Prof. Narain was the nephew of one of the great figures on the Buddhist revival in India, Bhikkhu Jagdish Kashyap (1908–76). Before his death, Bhikkhu Kashyap asked Prof. Narain to start an international organization for scholars of Buddhism. Honoring his uncle’s request, Prof. Narain in 1976 hosted the founding meeting of the International Association of Buddhist Studies, in Madison. At the meeting, he was elected the IABS’s first General Secretary. He also served as the first editor of the Journal of the International Association of Buddhist Studies, a post he held for seven years. He oversaw five important edited volumes on Buddhist history, all published in India: Studies in Pali and Buddhism (1979), Studies in the History of Buddhism (1980), Studies in Buddhist Art of South Asia (1984), Dr. Ambedkar and Social Change (1993), and, most notably perhaps, The Date of the Historical Śākyamuni Buddha, a collection of world-class papers on one of the most controversial topics in Buddhist studies. Despite the inclination of many scholars to propose circa 400 BCE for the Buddha’s parinirvāṇa, Prof. Narain felt that the archaeological evidence favored the “traditional” earlier date of circa 483 BCE.

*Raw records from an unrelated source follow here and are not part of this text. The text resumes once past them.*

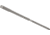 Shaw AR-10 22 Creedmoor Threaded Barrel, 22in, No Flute, HBAR Profile, 1-8 Twist, 5/8-24 Thread, Matte Stainless, AR10HBSS2222CM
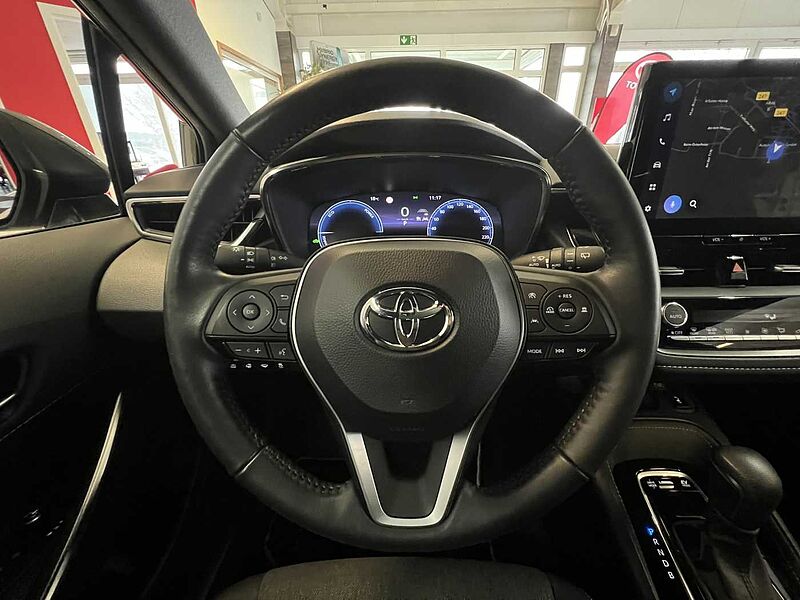 Toyota Corolla Touring Sports Team D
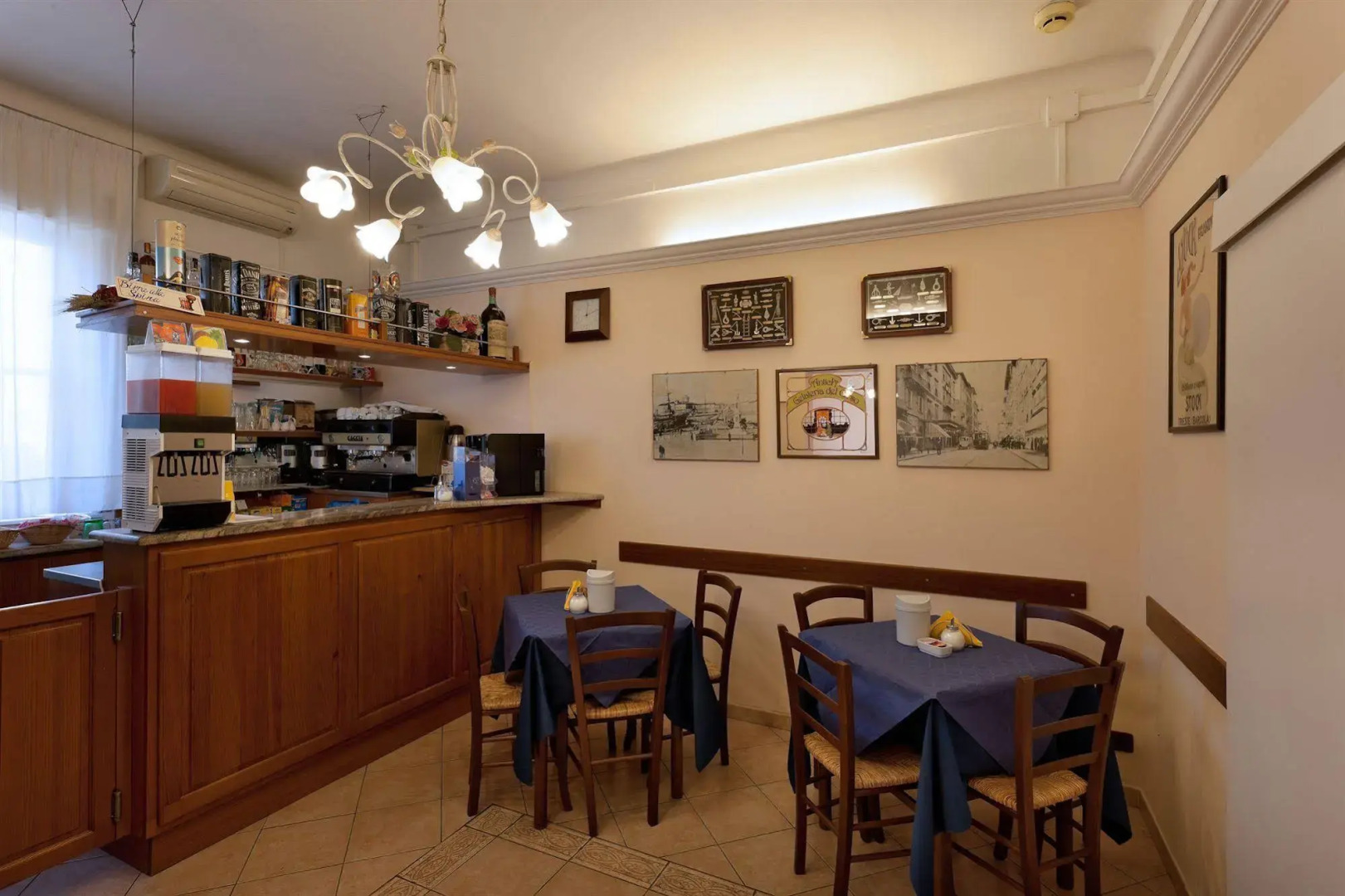 Parking Hotel Giardino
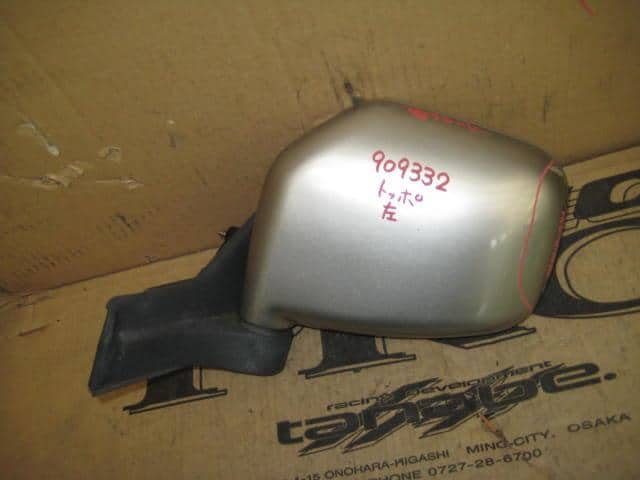 Left Side Mirror MITSUBISHI Toppo Bj 1999 GF-H42A — photo 2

After his return to Varanasi in 1990, Prof. Narain founded the Indian Congress of Asian and Pacific Studies (ICAPS), serving as its first president. He also established and edited the Journal of Indian Buddhist Studies, which in 1999 became the Indian International Journal of Buddhist Studies, editorship of which he relinquished in 2002. Beyond those mentioned, Prof. Narain held positions in and received honors from scholarly organizations, especially in India, too numerous to mention. He also was awarded grants by the Guggenheim Foundation, the Ford Foundation, the American Council of Learned Societies, and the American Philosophical Association; and received both the Chakravikrama Gold Medal of the Numismatic Society of India and the Asiatic Society of Bombay’s Campbell Gold Medal for Lifetime Achievements in Ancient History, Numismatics and Archaeology.

As must be evident from even this brief accounting, Prof. Narain worked tirelessly to advance Indian historical studies and Buddhist studies, both in India and around the world. Apart from his talents as a scholar, he possessed the creative vision to imagine new and important scholarly enterprises others had not considered, and a gift for organization and administration that allowed him to see his vision through to fruition. He cheerfully delegated responsibility, often to younger and less experienced scholars, thereby encouraging their growth as members of the profession. As the editor of JIABS and other publications, he maintained high standards, while consistently encouraging contributions from the full range of scholarly voices: from up-and-coming scholars to established figures in the field; from European and American scholars to contributors from various Asian countries, including Japan, China, Southeast Asia, and, of course, India. Far from least importantly, Prof. Narain was a warm and generous human being, who is greatly missed, not only by his large and loving family but by friends and colleagues on every continent, whose task it now becomes to carry on his extraordinary legacy.

Submitted by Roger Jackson, Carleton College, Minnesota, U.S.A.